# Using PAG  With Ringmaster



## W.Y. (Jan 1, 2013)

Some members have been having great difficulty trying to figure out various methods of trigonometry and such to cut accurate rings with their Ringmaster so I made this video to show how I do it.
No trigonometry is required at all  and the the results are as close to perfect as anyone could hope for.

I will be adding this to the WWF Wood Turning Tutorials board soon   along with a few other Ringmaster videos I have made lately to hopefully help out the growing number of woodworkers that have recently purchased either new or used Ringmasters. 

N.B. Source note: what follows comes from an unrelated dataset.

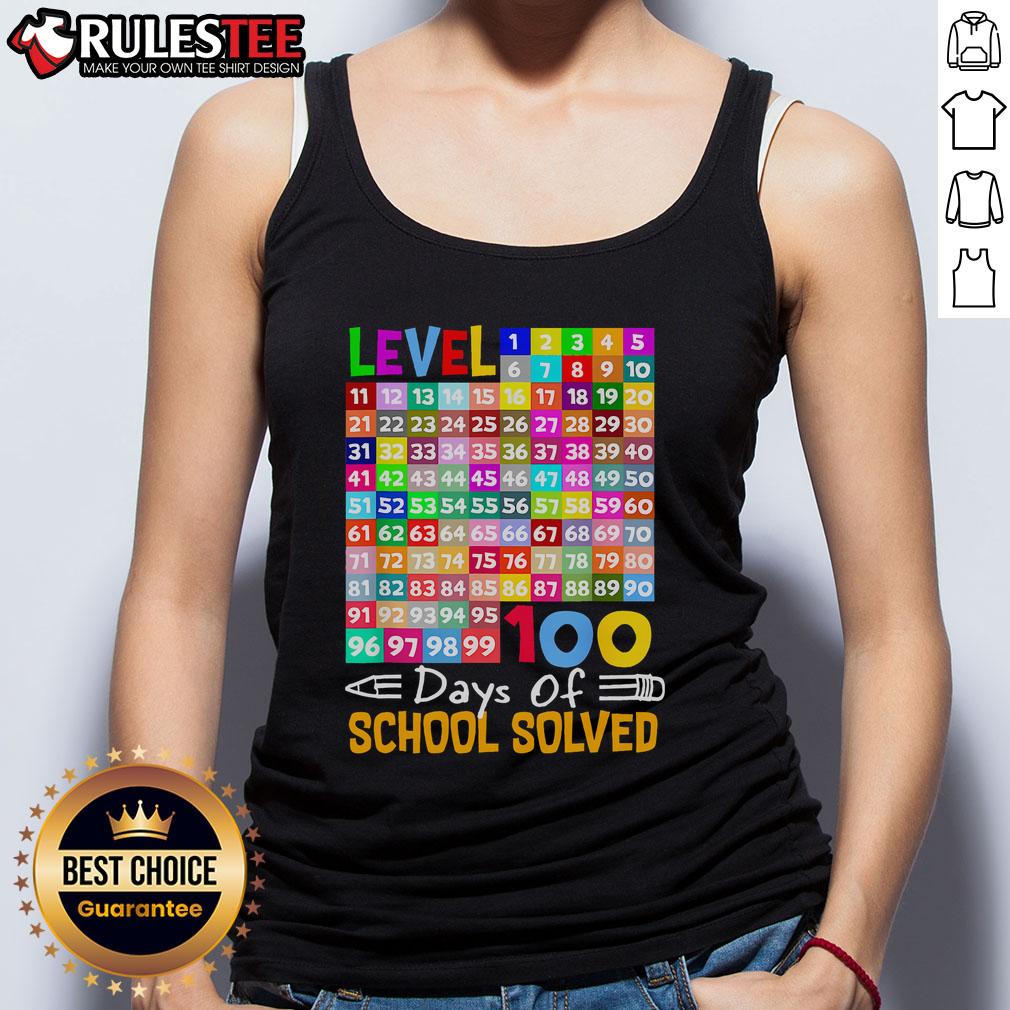 Top Level 100 Days Of School Solved Math Teacher Students T-Shirt - Image 4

Here is the link to the you tube video

Using a PAG (Precision Angle Guide) with Ringmaster Lathe - YouTube


----------



## W.Y. (Jan 1, 2013)

The edit button disappears quickly on this site  :wink:

Oh well . the edit I was going to put in was that I also posted this video on my Facebook Home Page


----------



## skiprat (Jan 1, 2013)

Thanks for the videos William. I'm not a bowl turner at all but I think the gadget is pretty ingenious. From what I can see, I guess it has two parting blades attached to  a leadscrew and first one side is cut half way through, then some tape to stop it flying off, then the other side finishes it?
Very simple, but very clever.


----------



## W.Y. (Jan 1, 2013)

You have it all figured out good.

I have made separate videos showing it with using the masking tape and without. That masking tape I used in that video was real thin and not very strong and hard to work with . Getting  hard to get good quality masking tape anymore. They make it thinner and charge more  . .. lol .  .
The ring just pops off  without the tape but I still prefer the few seconds per ring to tape it in case there is a weak spot in the grain of the wood and could waste a real nice piece of wood. 
I had it happened once and was lucky enough to glue the ring back together and carry on.


----------